Glenn Greenwald: "[B]etween Anna Diggs Taylor's opinion-writing abilities and the fact that we have a President who is systematically violating the law becuase he thinks he can, it is not a difficult challenge to see which is the most important problem."
Lambert at Corrente: "[D]on’t pop the champagne just yet; no triumphalism is warranted . . . . The bad news: The key component of Bush’s twentyfirst century power grab—the NSA’s datamining program that reads all your mail, all your searches, and this blog—is left in place by Judge Taylor’s decision. Worse, the court’s reasoning encourages the Bush administration to ratchet up its campaign to suppress the last of remnant of a free press and ratf*** or blackmail anyone who opposes them."
Prof. Jack Balkin: "Judge Taylor's opinion has significant advantages even if most of the legal reasoning in it probably won't stand up on appeal. . . . Lower courts can do two things to insulate their judgments from being overturned on appeal. The first is to address the legal issues in ways that make it very difficult for the side that lost on appeal. The second is to make findings of fact that limit what appellate courts (and the losing side) can do on appeal. Judge Taylor's opinion did both of these things in her opinion."

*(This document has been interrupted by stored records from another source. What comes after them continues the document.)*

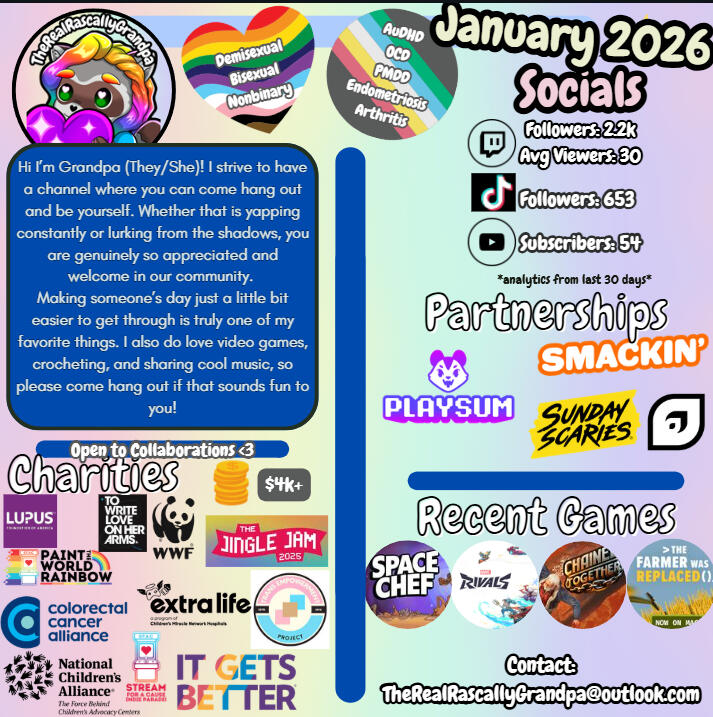 A media kit for Twitch streamer, TheRealRascallyGrandpa. In a rainbow heart are the words "Demisexual, Bisexual, Nonbinary" and in a circle the colors of the disability pride flag (gray, green, blue, white, yellow, and red) are the words "OCD, PMDD, Endo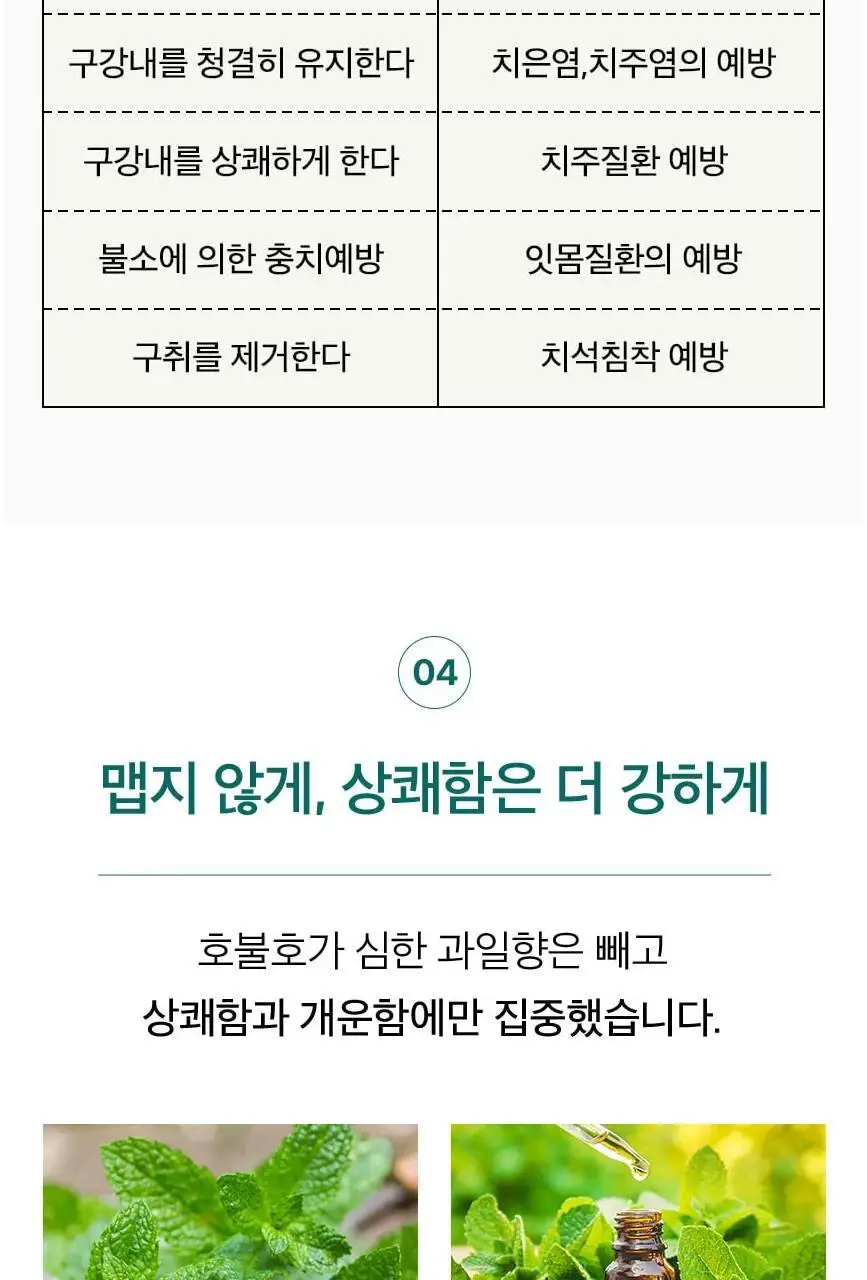 민티드 프리미엄 고체치약 90정 기획 (+미니케이스) 상세페이지 12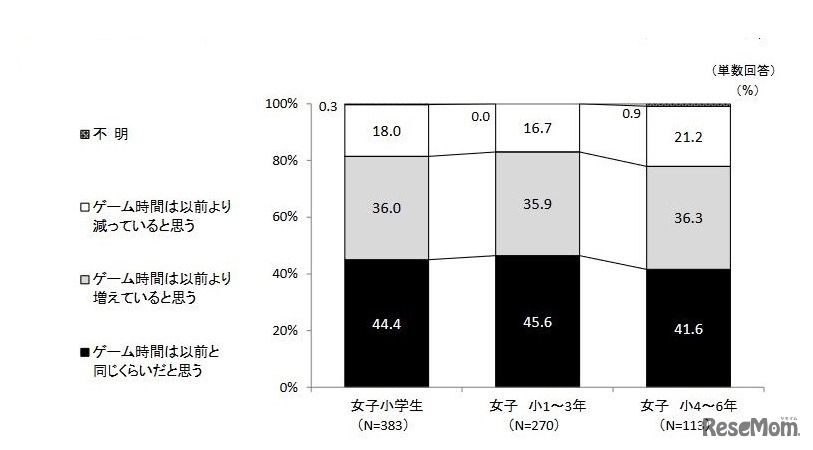 ここ1年間のゲーム時間の増減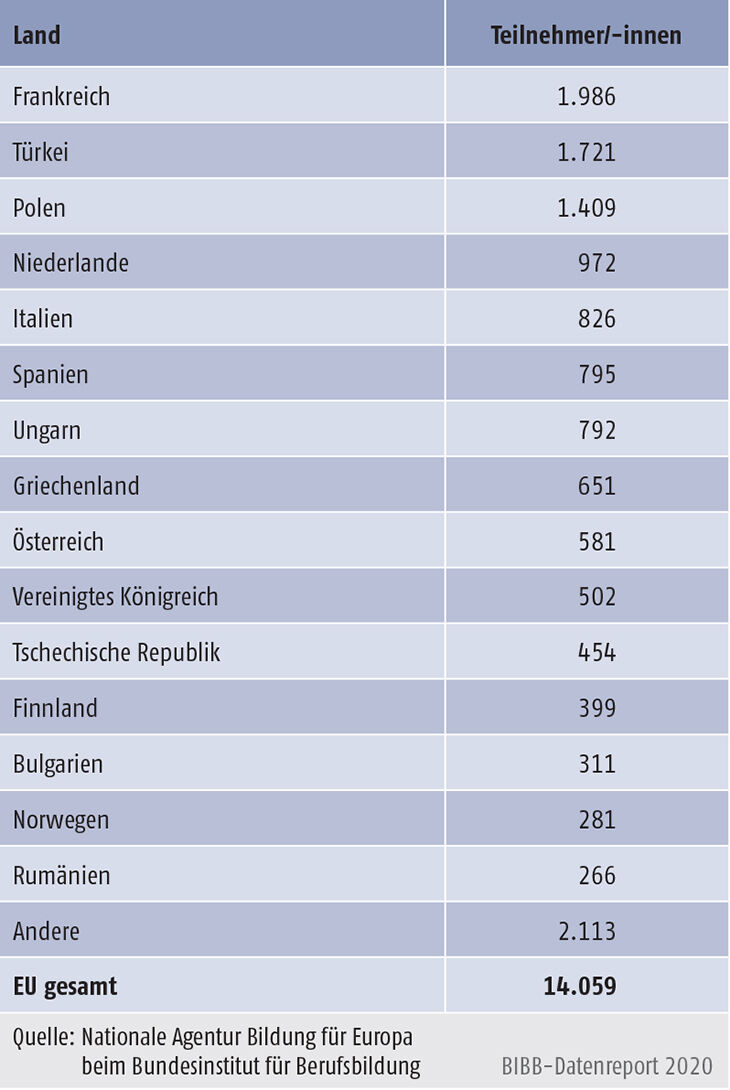 Tabelle D3-3: Erasmus+-incoming-Mobilität 2018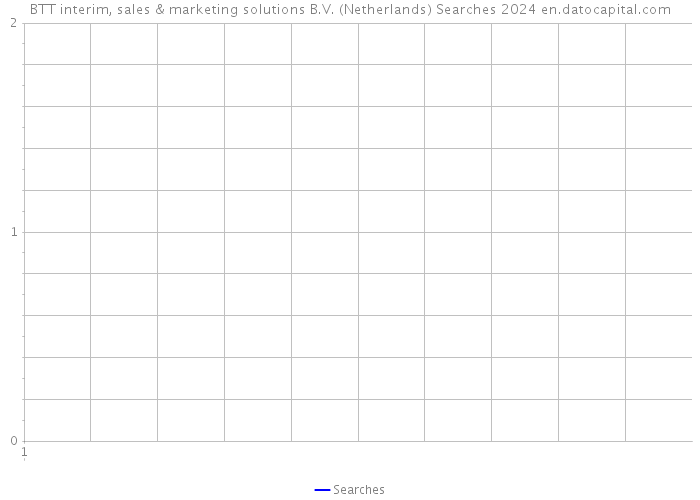 BTT interim, sales & marketing solutions B.V. (Netherlands) Searches 2024 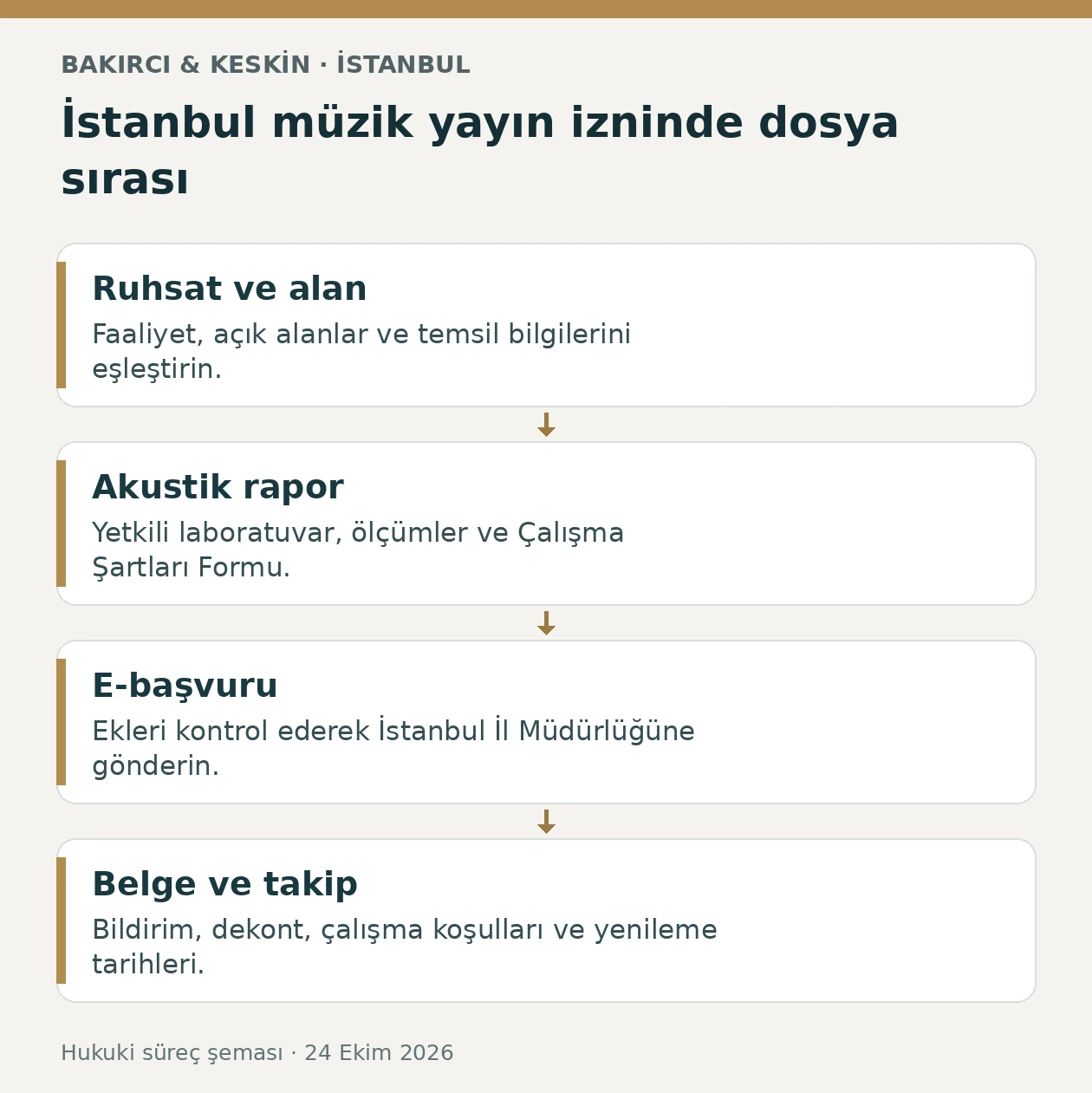 İstanbul m&uuml;zik yayın izninde ruhsat kapsamı, akustik rapor, elektronik başvuru ve belge takibinin d&ouml;rt aşaması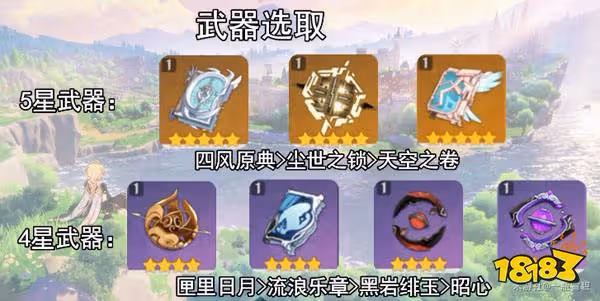 原神凝光攻略匯總 凝光突破材料 武器推薦 配隊大全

Greenwald (again): "The army of legal 'scholars' who have spent the last couple of days patronizingly dismissing the Judge's decision have pretty substantial argumentative holes and misunderstandings of their own. . . . It is hardly surprising -- and nobody has any ground to complain -- that the court did not address non-existent arguments or arguments which were made in only the most cursory manner."
Jeff Nye: "Now for the next question: How will we know whether the illegal spying has stopped?"
Update:
I forgot the President: "I would say that those who herald this decision simply do not understand the nature of the world in which we live. I strongly disagree with that decision, strongly disagree."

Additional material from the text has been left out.